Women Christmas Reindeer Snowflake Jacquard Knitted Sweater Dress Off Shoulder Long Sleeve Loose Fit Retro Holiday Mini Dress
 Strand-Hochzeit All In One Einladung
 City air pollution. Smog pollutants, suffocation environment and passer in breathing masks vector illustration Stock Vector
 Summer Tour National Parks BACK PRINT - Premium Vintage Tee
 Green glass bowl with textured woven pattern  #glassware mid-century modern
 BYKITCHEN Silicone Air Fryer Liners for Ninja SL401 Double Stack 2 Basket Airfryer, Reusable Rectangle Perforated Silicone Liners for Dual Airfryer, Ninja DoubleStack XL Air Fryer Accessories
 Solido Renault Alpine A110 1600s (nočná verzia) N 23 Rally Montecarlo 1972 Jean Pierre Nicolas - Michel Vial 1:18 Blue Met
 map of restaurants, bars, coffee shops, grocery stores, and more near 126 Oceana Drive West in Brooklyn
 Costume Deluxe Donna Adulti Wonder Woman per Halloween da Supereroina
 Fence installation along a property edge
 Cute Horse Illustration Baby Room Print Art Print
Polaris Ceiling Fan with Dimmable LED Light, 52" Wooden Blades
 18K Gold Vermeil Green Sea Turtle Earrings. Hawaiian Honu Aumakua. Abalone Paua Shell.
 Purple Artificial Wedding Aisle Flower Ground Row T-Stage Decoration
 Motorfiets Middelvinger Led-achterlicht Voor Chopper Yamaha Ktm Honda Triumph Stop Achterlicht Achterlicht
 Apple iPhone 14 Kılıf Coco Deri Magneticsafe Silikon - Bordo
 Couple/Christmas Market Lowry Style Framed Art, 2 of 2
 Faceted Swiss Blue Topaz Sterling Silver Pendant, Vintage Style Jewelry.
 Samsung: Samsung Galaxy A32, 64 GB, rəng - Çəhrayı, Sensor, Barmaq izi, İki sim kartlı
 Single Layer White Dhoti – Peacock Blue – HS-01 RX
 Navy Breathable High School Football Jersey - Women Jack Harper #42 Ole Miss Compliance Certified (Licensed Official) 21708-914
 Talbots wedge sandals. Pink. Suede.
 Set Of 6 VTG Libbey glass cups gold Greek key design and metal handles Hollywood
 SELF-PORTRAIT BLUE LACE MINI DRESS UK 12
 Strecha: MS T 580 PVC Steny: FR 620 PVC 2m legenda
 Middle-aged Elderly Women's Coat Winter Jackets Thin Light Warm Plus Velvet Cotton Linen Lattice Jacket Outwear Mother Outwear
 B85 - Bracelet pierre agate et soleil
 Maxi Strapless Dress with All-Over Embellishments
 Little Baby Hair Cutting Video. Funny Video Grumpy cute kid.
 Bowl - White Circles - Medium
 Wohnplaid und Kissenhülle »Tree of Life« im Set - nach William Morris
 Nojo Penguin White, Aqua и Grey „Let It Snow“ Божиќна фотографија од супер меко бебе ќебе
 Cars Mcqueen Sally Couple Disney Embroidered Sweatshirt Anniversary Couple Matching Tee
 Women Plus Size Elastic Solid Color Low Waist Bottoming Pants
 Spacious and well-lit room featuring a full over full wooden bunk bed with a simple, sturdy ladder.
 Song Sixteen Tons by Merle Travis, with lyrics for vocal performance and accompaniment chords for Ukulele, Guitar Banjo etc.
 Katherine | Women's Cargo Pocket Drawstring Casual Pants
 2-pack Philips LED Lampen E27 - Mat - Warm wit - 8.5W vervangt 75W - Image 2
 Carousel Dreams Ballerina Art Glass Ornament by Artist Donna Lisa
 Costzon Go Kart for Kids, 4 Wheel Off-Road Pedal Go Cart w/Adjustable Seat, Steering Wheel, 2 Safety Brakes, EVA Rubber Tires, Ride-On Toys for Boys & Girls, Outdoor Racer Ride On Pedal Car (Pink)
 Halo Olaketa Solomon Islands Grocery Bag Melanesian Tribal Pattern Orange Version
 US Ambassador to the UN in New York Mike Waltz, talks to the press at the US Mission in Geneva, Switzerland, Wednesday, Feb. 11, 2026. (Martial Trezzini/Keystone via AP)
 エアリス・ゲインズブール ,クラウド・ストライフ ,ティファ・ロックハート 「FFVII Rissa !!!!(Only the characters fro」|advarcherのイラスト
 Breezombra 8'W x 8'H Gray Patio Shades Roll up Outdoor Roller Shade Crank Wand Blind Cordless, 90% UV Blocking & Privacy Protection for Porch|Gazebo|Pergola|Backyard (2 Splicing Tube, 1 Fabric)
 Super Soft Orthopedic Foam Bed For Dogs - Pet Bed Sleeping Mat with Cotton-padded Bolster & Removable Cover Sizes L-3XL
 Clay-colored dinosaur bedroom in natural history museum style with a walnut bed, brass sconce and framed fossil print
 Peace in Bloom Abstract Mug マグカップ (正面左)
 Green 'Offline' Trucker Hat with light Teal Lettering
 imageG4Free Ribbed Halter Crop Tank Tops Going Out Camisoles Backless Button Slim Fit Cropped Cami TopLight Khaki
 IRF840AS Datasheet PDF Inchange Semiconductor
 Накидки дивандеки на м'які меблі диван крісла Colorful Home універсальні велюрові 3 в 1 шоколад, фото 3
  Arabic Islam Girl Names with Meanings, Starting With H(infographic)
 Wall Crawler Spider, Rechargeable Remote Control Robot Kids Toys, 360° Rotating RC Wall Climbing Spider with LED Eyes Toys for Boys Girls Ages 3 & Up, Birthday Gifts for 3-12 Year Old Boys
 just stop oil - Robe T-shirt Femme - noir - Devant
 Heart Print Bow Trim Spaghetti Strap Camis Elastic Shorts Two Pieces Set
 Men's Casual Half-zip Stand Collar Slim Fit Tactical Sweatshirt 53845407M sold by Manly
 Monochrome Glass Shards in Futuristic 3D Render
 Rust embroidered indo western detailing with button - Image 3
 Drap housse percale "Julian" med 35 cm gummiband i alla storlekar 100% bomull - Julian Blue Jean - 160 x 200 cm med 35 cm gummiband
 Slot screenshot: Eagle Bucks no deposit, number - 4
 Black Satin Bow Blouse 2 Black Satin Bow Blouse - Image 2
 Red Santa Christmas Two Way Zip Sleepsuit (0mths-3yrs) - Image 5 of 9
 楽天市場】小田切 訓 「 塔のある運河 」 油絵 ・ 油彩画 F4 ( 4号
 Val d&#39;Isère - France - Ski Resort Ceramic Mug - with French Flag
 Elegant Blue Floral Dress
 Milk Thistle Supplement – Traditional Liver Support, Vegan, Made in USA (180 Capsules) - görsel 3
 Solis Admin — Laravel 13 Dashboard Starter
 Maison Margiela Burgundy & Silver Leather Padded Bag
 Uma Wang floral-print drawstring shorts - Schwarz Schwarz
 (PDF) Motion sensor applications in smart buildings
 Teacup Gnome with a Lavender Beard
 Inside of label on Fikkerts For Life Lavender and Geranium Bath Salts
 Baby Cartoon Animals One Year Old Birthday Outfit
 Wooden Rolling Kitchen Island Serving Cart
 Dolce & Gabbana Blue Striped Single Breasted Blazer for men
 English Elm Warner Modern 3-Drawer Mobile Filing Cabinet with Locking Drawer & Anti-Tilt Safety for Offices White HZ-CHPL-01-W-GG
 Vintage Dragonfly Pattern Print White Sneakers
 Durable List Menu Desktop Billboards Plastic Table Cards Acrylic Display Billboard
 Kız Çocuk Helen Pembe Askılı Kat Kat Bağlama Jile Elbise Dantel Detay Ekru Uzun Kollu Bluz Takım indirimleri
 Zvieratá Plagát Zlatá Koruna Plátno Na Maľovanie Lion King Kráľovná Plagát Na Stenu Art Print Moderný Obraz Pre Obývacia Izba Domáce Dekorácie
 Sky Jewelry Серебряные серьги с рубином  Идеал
* * * * * * * * *
THE TASK: Every line in the entries above that has the word "Elastic" should be identified and copied.

SOLUTION TO THIS EXERCISE:
 Women Plus Size Elastic Solid Color Low Waist Bottoming Pants
 Heart Print Bow Trim Spaghetti Strap Camis Elastic Shorts Two Pieces Set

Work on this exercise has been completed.